Data listing -
* * * * * * * * *
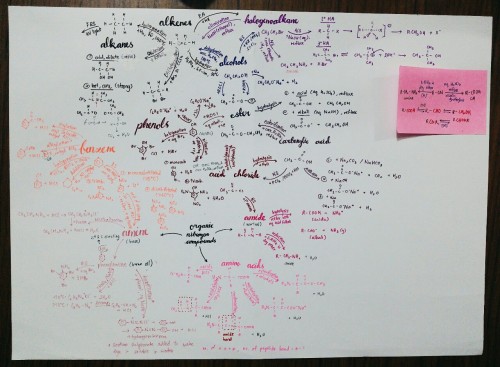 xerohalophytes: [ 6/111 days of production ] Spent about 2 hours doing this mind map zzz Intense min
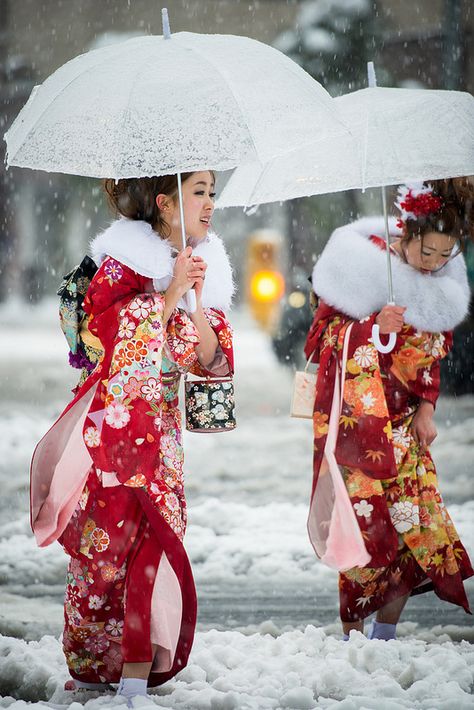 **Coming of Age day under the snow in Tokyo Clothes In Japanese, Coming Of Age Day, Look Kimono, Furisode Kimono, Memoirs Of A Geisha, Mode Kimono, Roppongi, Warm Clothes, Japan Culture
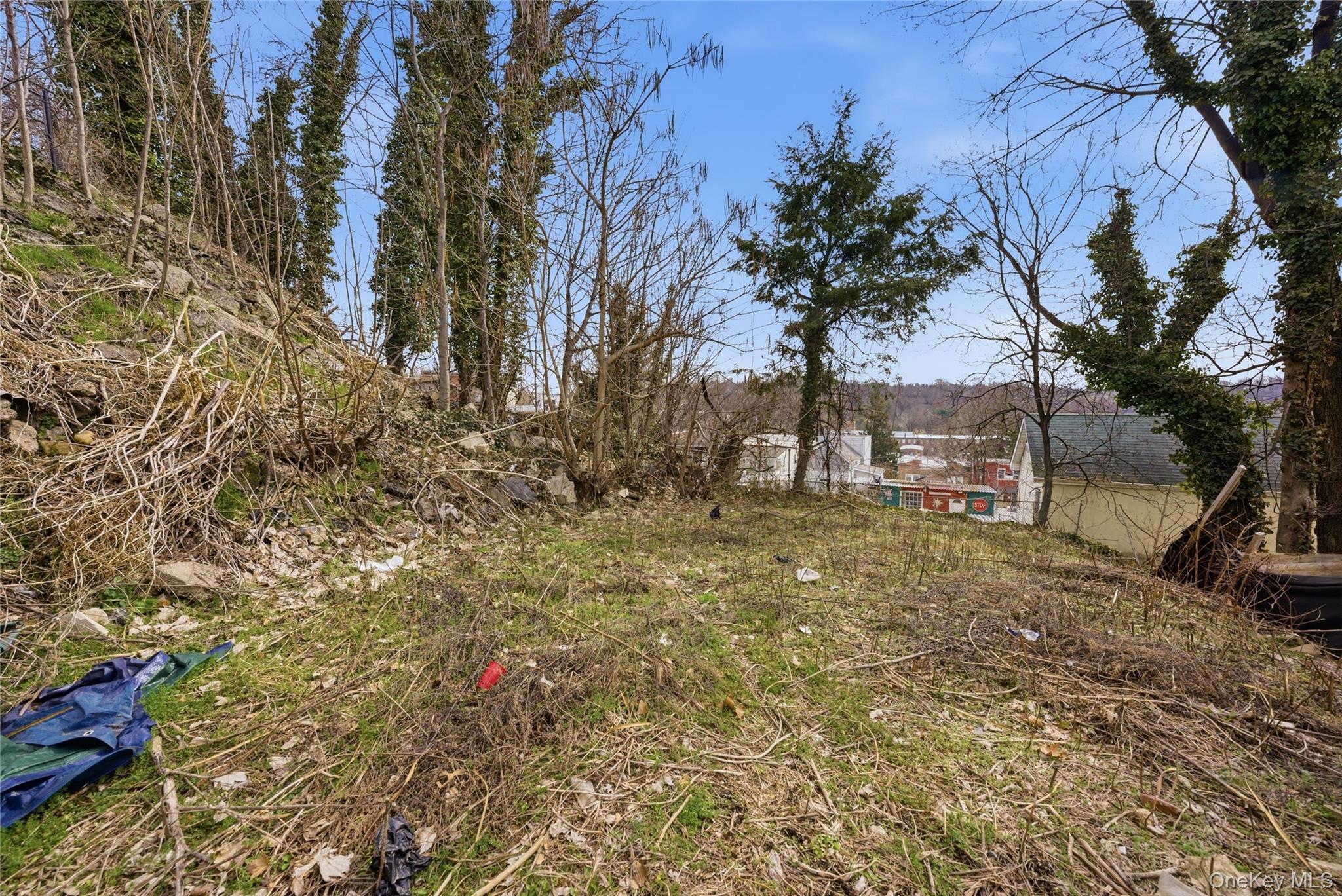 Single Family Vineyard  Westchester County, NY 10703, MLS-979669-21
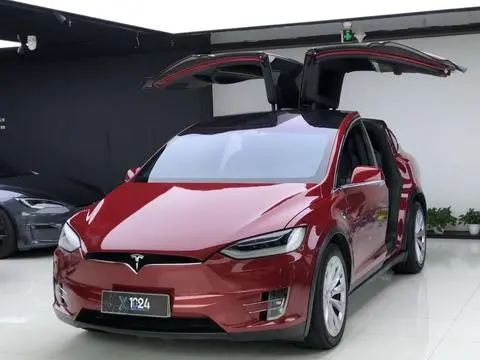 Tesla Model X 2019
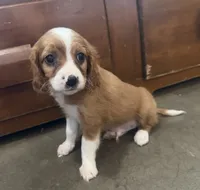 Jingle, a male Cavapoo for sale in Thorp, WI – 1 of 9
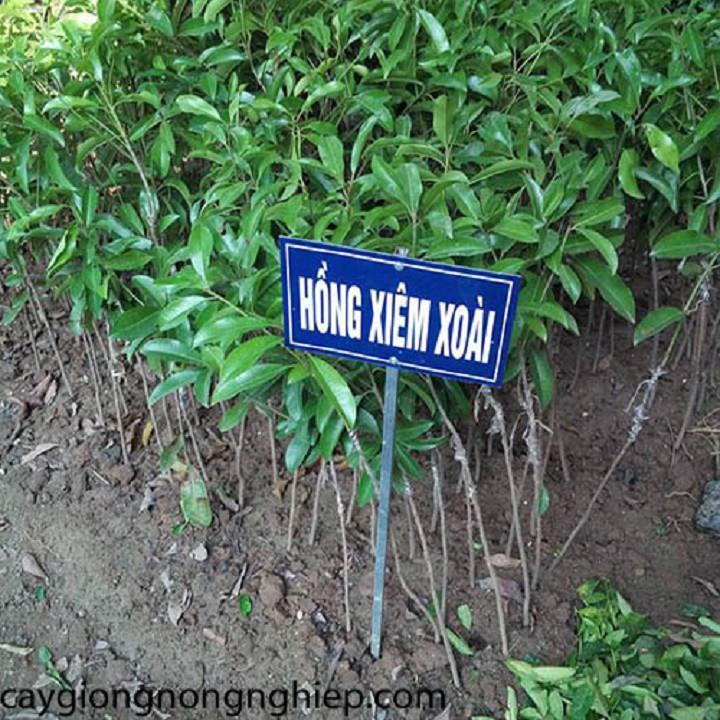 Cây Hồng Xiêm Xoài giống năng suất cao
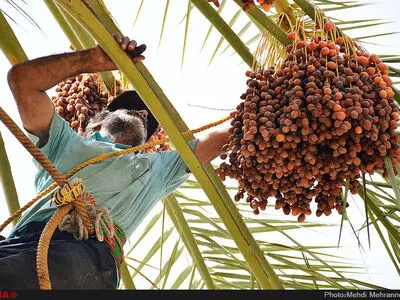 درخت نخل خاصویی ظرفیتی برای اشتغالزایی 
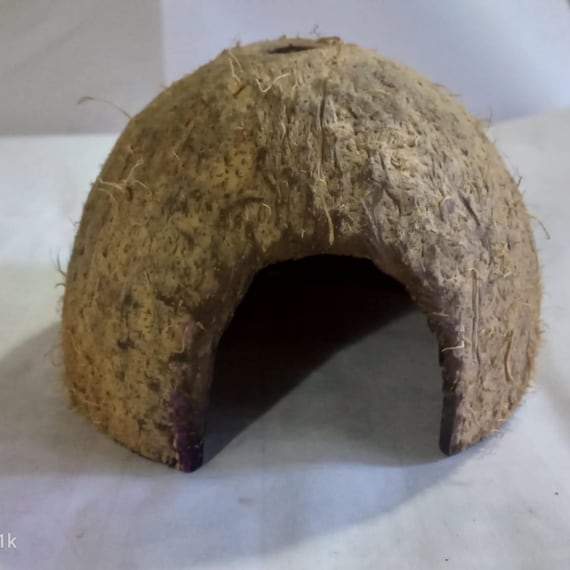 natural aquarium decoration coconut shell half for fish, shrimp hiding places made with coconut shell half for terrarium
* * * * * * * * *
Task goal -
Every picture stays out; reproduce exactly the lines from the one with "Jingle, a male" through the last line of the data above.

Solution to this task -
 Jingle, a male Cavapoo for sale in Thorp, WI – 1 of 9
 Cây Hồng Xiêm Xoài giống năng suất cao
 درخت نخل خاصویی ظرفیتی برای اشتغالزایی 
 natural aquarium decoration coconut shell half for fish, shrimp hiding places made with coconut shell half for terrarium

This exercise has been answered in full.